With your plan of attack in hand, building data gathered from the data request, a flashlight and notebook, you can begin to perform the building security assessment. Here are some examples to consider as part of the review that are relative to the hierarchy of systems identified in part one of this series.
Editor’s note: This is part two of a two-part series. You can find more about preparing for a building security assessment of a large building in part one.
Understanding the electric distribution system in the building is key to successfully identifying weaknesses and system/component vulnerabilities and interdependencies. You need to ensure you understand the following:
- Where is the primary power entering the building? Is it in one location/vault, or are there multiple entry points?
- What about emergency power? Are there emergency generators on-site? If yes, how are they maintained and tested, and how are the generators refueled (as appropriate)?
- What about critical transfer switches, buses and motor control centers? Are they properly protected from inadvertent or unauthorized access?
- Are the normal and emergency power buses properly separated both physically and by how they power the industrial controls?
Water and waste water systems
Failure of these systems and their components can lead to immediate degradation of the facility. Also, their failure can lead to serious health and personnel safety concerns. Here are some questions to consider:
- Where are the water entry points and waste water exit points in the building? If there are more than one, are they on separate sides of the building? Are there any ways for the controls or manual values to cross-connect water and waste water?
- If any of the pipes are suspended in the ceiling of the parking garage, are they protected from inadvertent damage by a high-profile vehicle? What about intentional sabotage?
Internet fiber entry
Where the internet fiber trunk enters the building is especially important. Optimally, there are two separate entry points for internet into the building — especially if internet is critical to the performance of the occupants. Some key perspectives to inquire about are:
- Is the internet fiber trunk protected from flooding, fire, sabotage and unauthorized personnel access?
- If two entry points are provided, are they separated to opposite sides of the building, and are different internet carriers used, thus affording redundancy and resiliency?
Building management system
The building management system (BMS) is a critical industrial control that is essentially the heart of the building’s operations. The BMS normally operates heating/ventilation/air conditioning, chilled water, cooling towers, lighting and other key systems. The assessor needs to spend time with the building maintenance staff to identify how the system is used and how it is updated. A few key questions to include in your assessment are:
- Is the BMS computer connected to the internet? If so, this is a particularly bad practice and should be terminated as soon as practical. Connecting to the internet creates a short-circuit route for a malicious actor to gain access to the BMS and modify the system — to the detriment of the building owner/operator.
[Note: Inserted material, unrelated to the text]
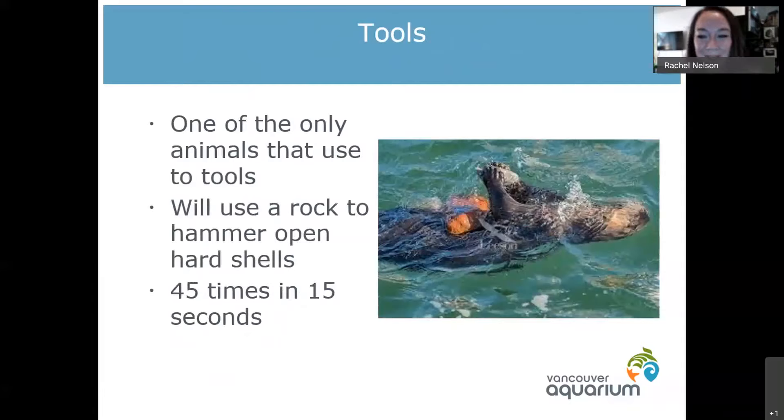Another fun thing about sea otters is that they are animals that know how to use tools. They will use their belly like a plate, then go get a rock and use that rock to smash open those hard shells. It is quite amazing to see — a very interesting and very smart thing they have figured out how to do. They will pick up those rocks and hammer open those hard shells very quickly.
- How is the BMS software updated? Is it updated with patches from the vendor on controlled media or a simple email attachment? Again, it is important to ensure the BMS software integrity is controlled and sustained.
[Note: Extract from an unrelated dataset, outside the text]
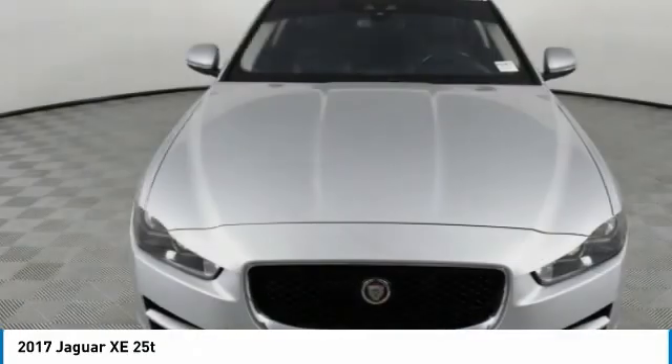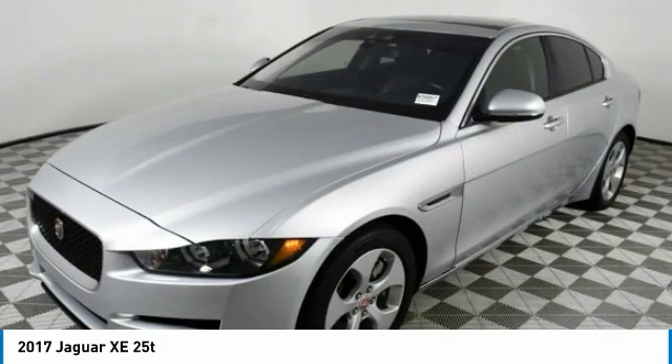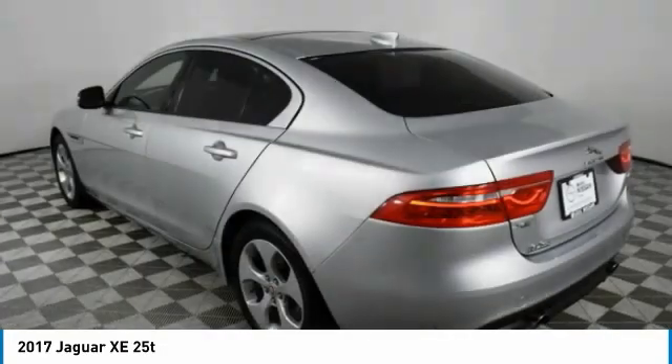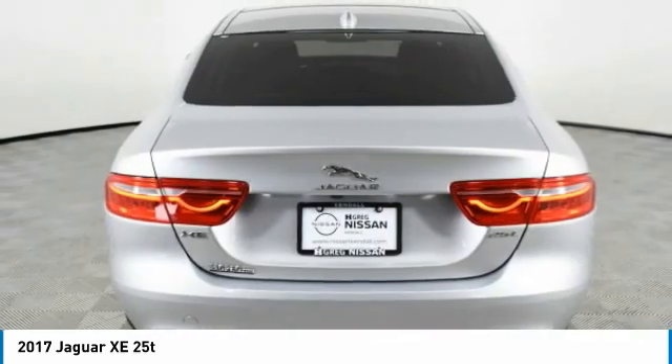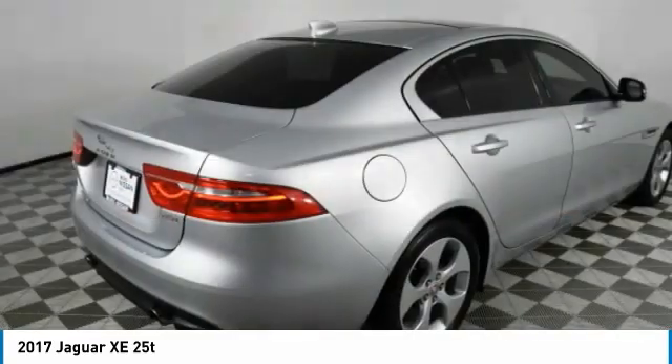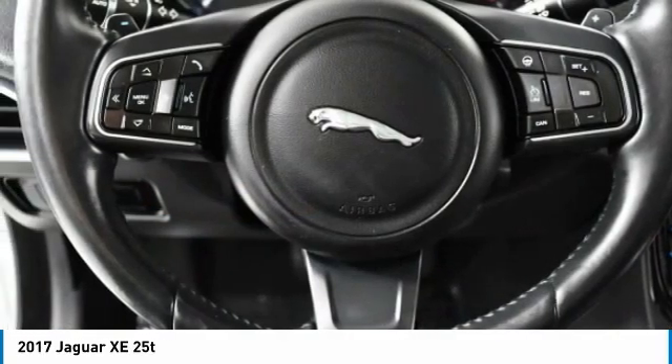The 2017 Jaguar XE. The Jaguar XE is built to exceed all expectations of a compact luxury sports sedan. The XE combines technology and performance that meet the high level of excellence you come to expect from Jaguar. Its sleek exterior is sure to turn some heads.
- Is the BMS software at the proper patch level? This can be checked by going to the U.S. Department of Homeland Security site, looking up the BMS software on the Alerts and Advisories pages and searching by vendor or BMS name.
There is still more to do
This article just barely scratches the surface on ways to conduct a large building security assessment of both cyber and physical risk. However, the intention is to provide some ideas on ways to organize approaches to key and critical systems and components rather than trying to chase every symptom of a problem.